Martin’s other good hint was: “try many things with small investments, and when you find something that works, double down on that”.
Then there are of course experiments that can only work at a bigger scale or with a bigger initial investment. Marketplaces, social networks, and other services with “network effects” often have this kind of critical mass dynamic. But more on that in another blog!
For now, go out there and fail fast!
*PS: ..but DON’T degenerate into a scientist!
One big difference between startup entrepreneurship and scientific research is that repeating the same experiment multiple times is much more desirable and valuable in science. Many researchers agree that repetitions of previous studies are not done often enough nowadays, as academics have realized that journals and other media favor “novelty” in research papers.
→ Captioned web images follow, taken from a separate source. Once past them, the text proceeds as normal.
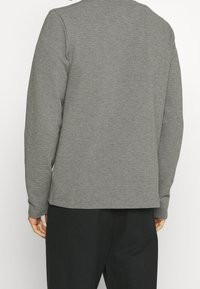 Graues Langarmshirt mit strukturiertem Strickmuster, Rundhalsausschnitt und geradem Saum. Dazu schwarze Hose getragen, was einen lässigen Look zeigt.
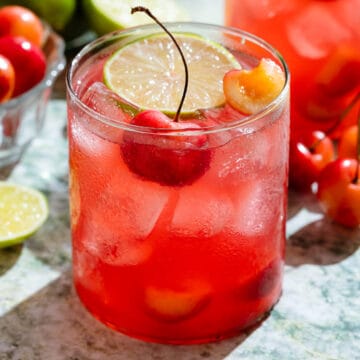 Bright red cherry margarita in a short glass garnished with a slice of lime and fresh cherries.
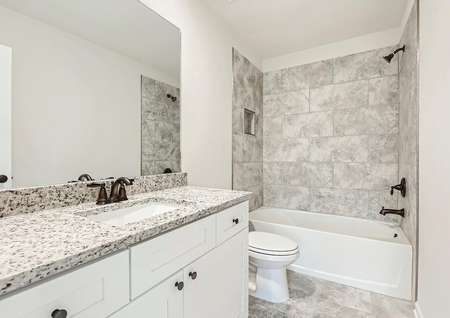Secondary bathroom with a dual shower and bath tub, lined with stunning tile. 
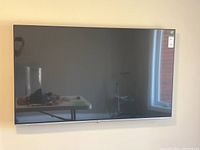 Front view of LG 65" TV mounted on wall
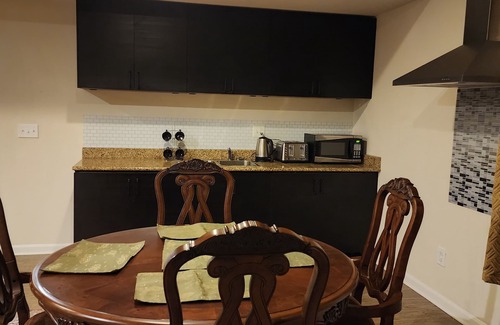 Triangle House | Walk in sunny furnished basement with 2 bedrooms and 2 bathrooms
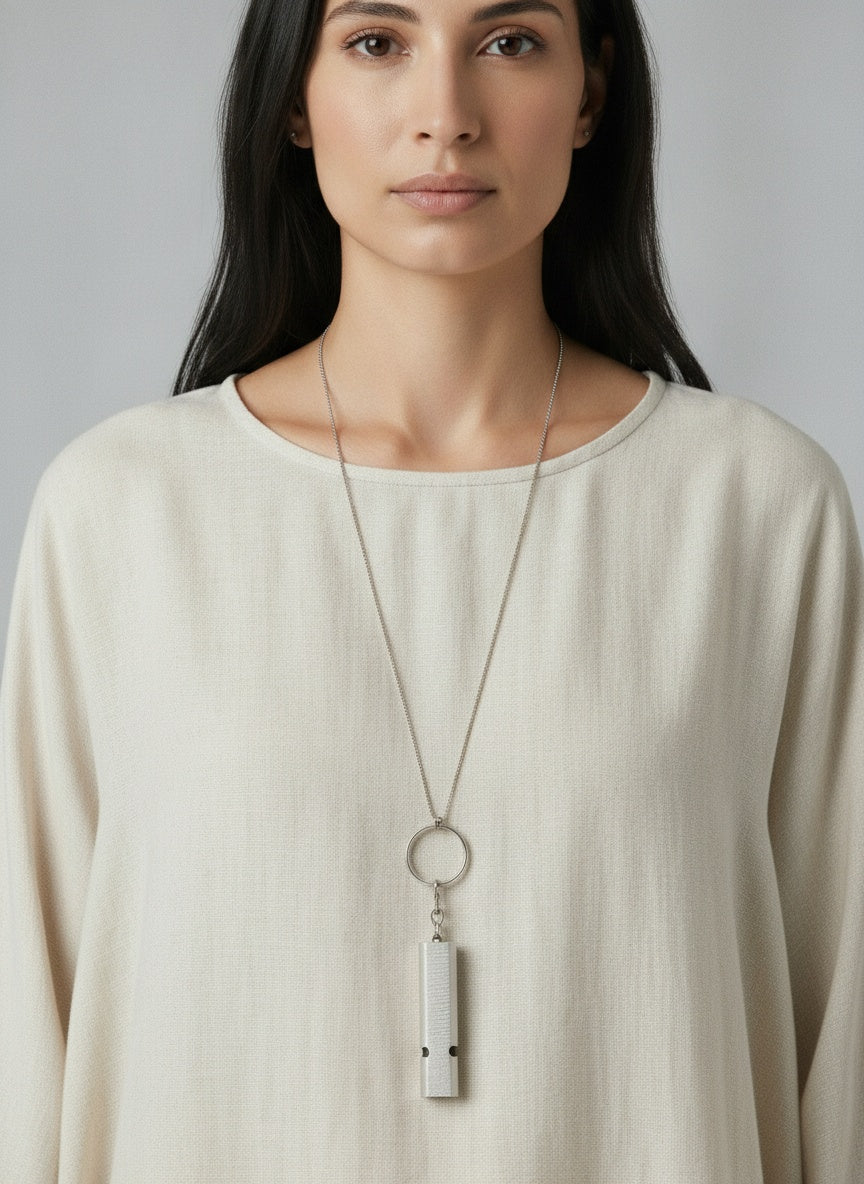 Close-up of the model wearing Emergency Whistle Keychain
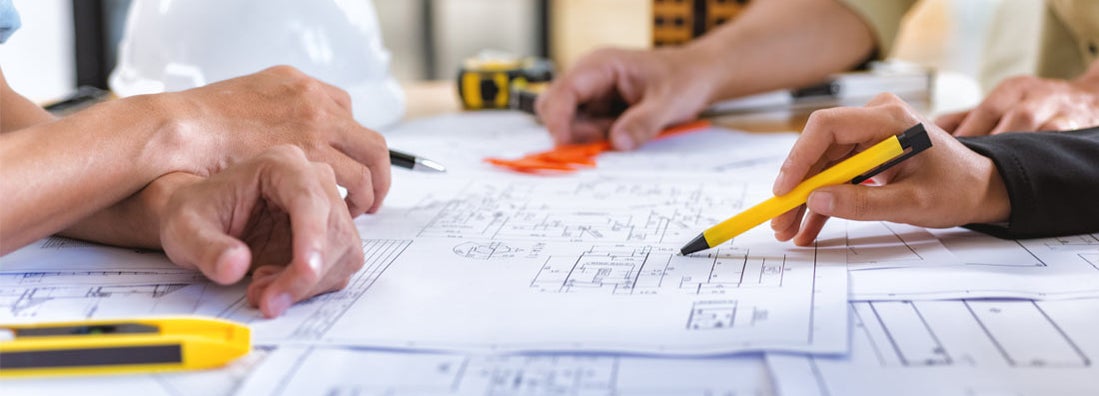 Architect checks construction blueprints on new project with tools at desk in office.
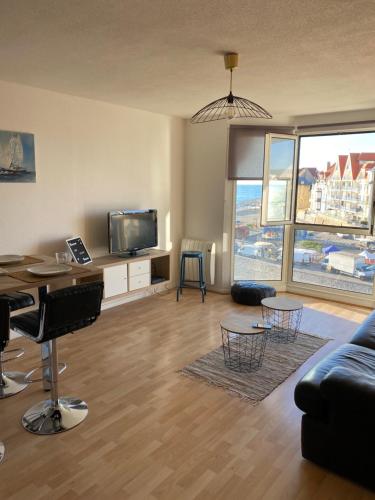 un salon avec un canapé et une télévision dans l'établissement Les Rameaux, superbe appartement vue mer, Wimereux, à Wimereux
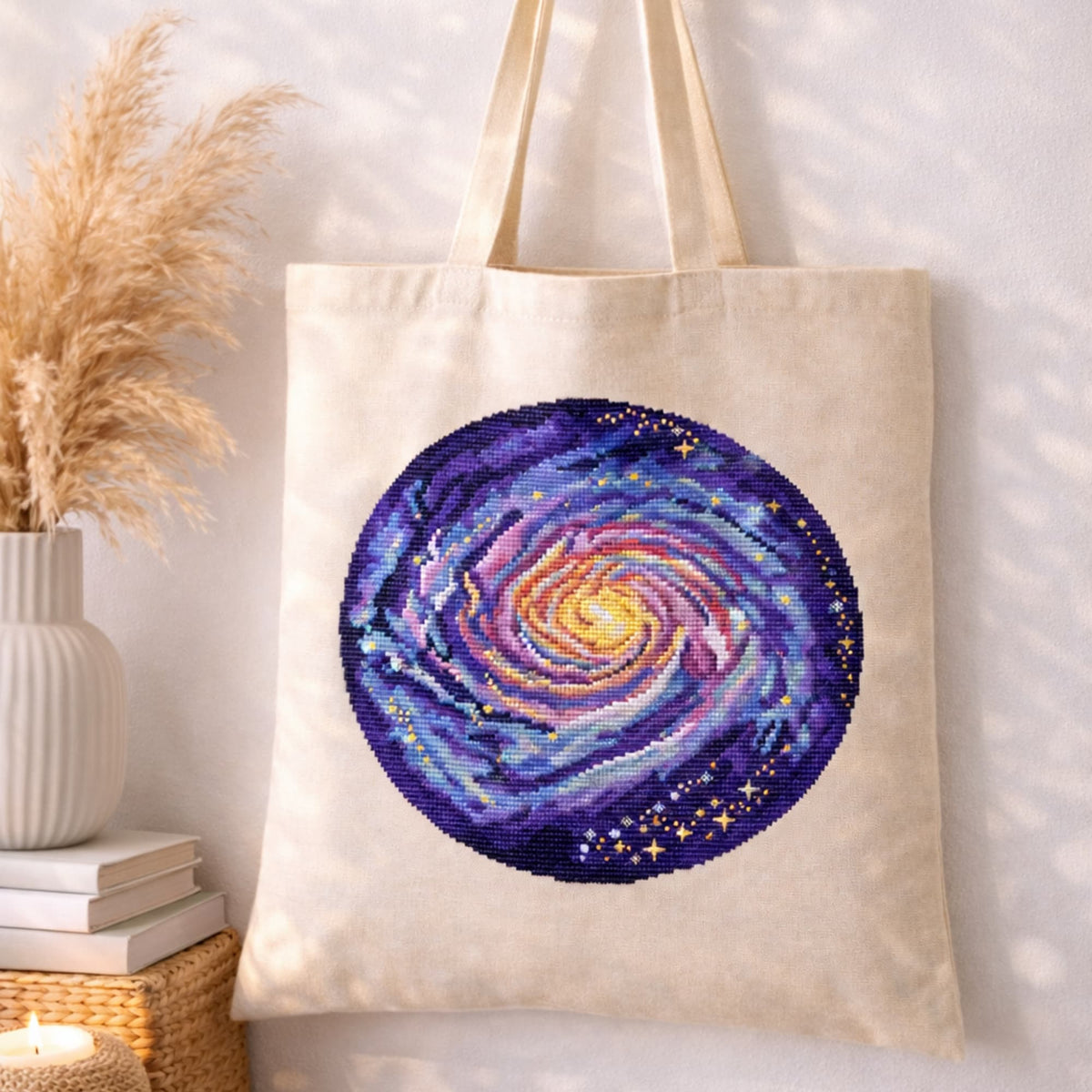 Milky Way Galaxy Counted Cross Stitch Kit displayed on tote bag, cosmic spiral galaxy embroidery kit, colorful space needlework set.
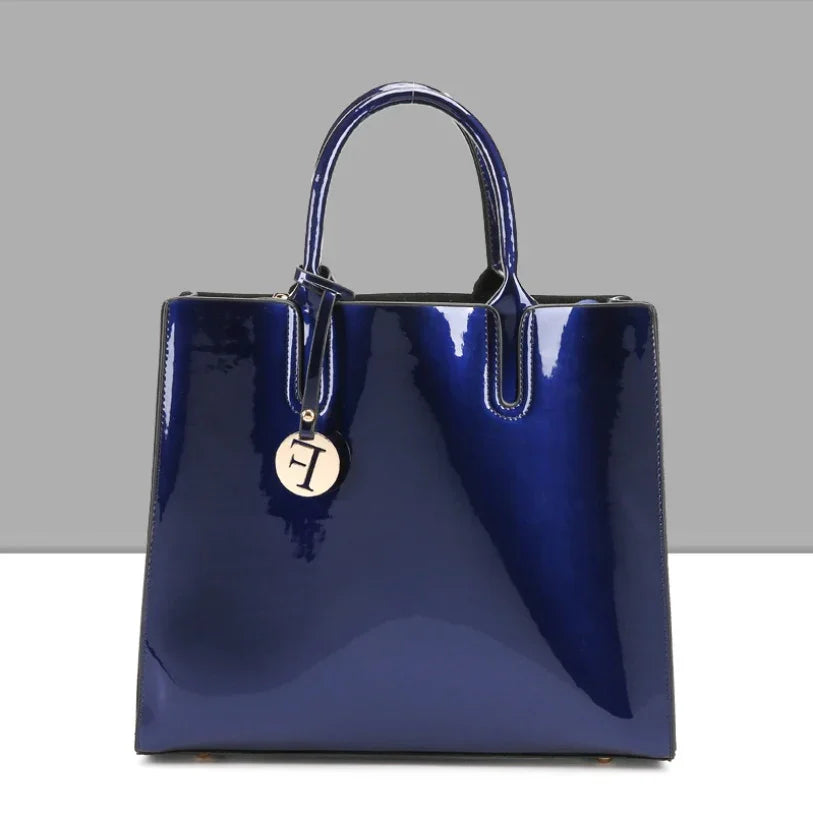 Glossy navy blue patent leather handbag with top handles and round gold charm on gray background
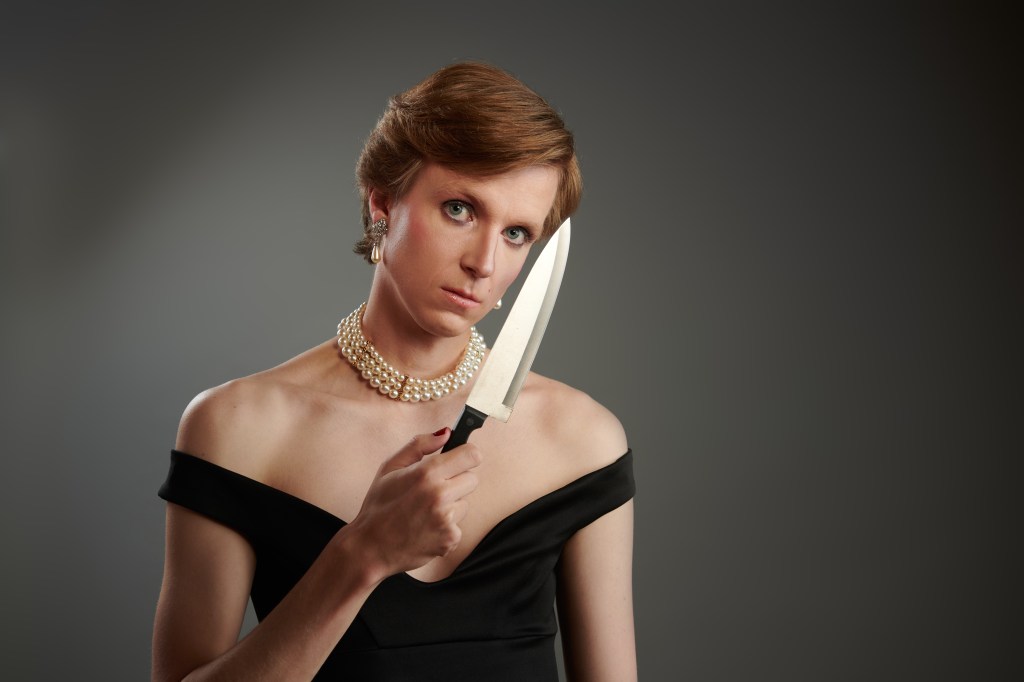 Linus Karp as Princess Diana. He is wearing a black dress and is holding a dagger in front of his face.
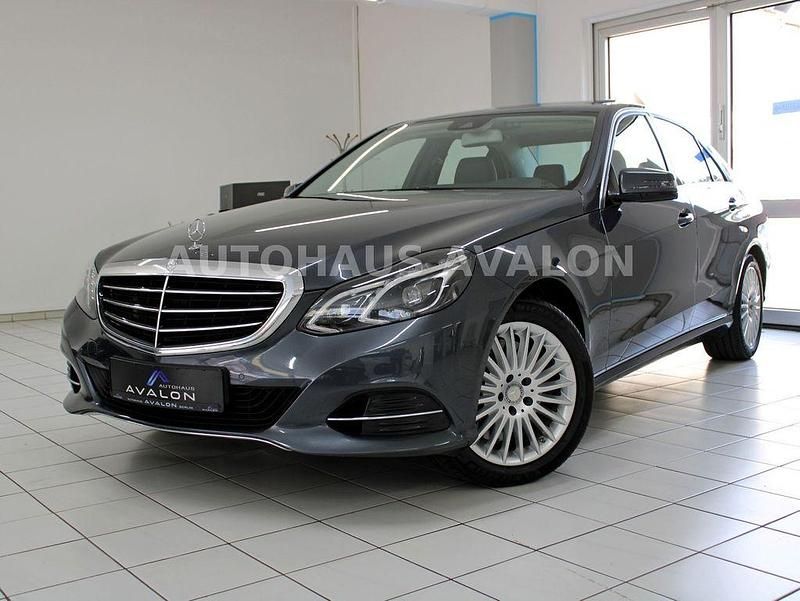 Tenoritgrau metallic Gebraucht 2015 Mercedes E400 Limousine | 27.980 € (Fairer Preis) - Bild 1/4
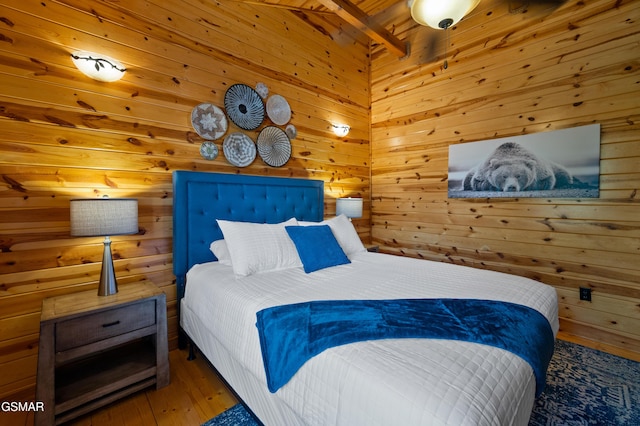 bedroom featuring wooden walls, beamed ceiling, and wood-type flooring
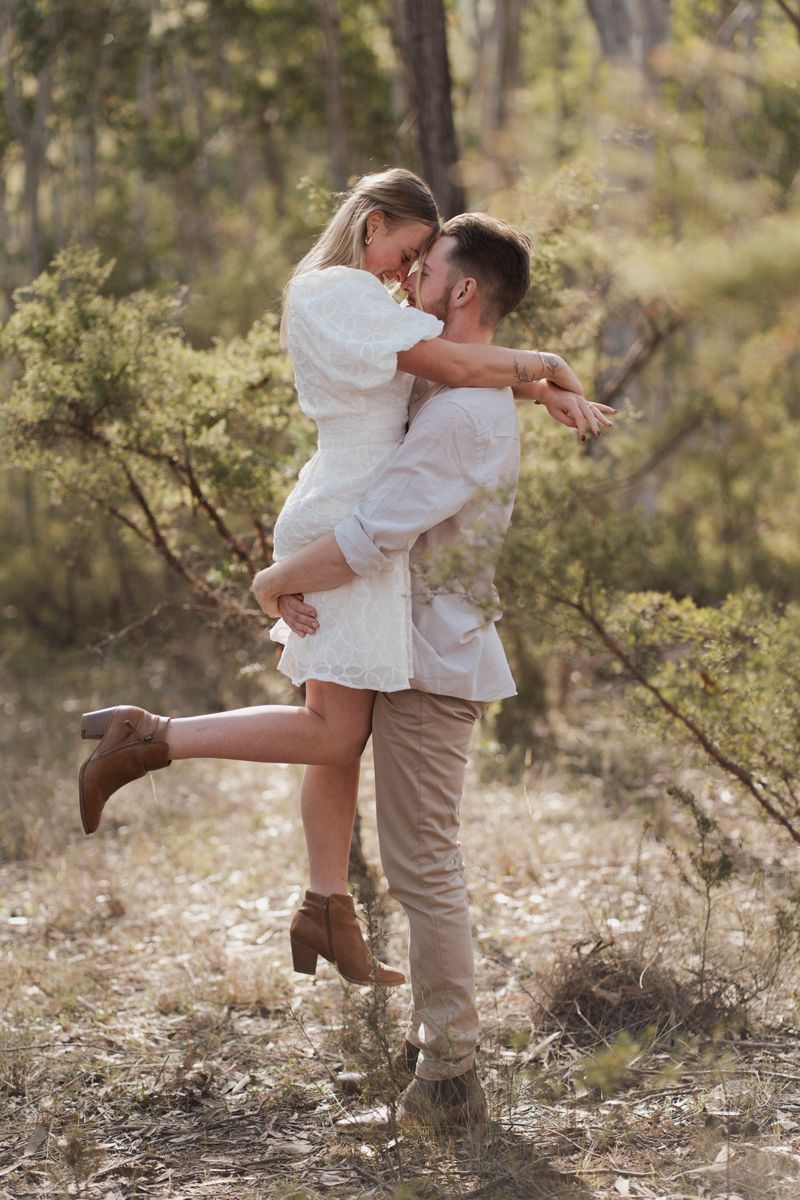 Couple hugging in a sunlit forest, man lifting woman in white dress and brown boots among green trees in rouse hill regional park photoshoot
In startups its much more OK to assume, draw fast conclusions, and take other shortcuts, especially in the beginning when one needs to also be constantly questioning the profitability and worthwhileness of the whole “research field” (the industry or customer need), which academia does not do a lot of.
In startups the end goal is real added-value (for customers and employees) and profits (for investors). Theories and understanding of the customers’ behavior and the functioning of the market are just means to this end.
In science, more solid theories are the end goal. Experiments and measurement equipment are means and tools.
E.g. the multi-billion-euro particle colliders in CERN are not great achievements of science, but merely tools by which some scientists believe we can notably improve and clarify our understanding of the universe. E.g. Tesla's broad charging network is not primarily a research device – though they likely collect a lot of data.
The final goal in Facebook aiming to acquire and commit most of the Earth’s population into its users is not to help it develop and prove new theories of human online social behavior (which it undoubtedly also does lots of), but to produce more added value for its paying advertiser clients and to be able to capture more of that value.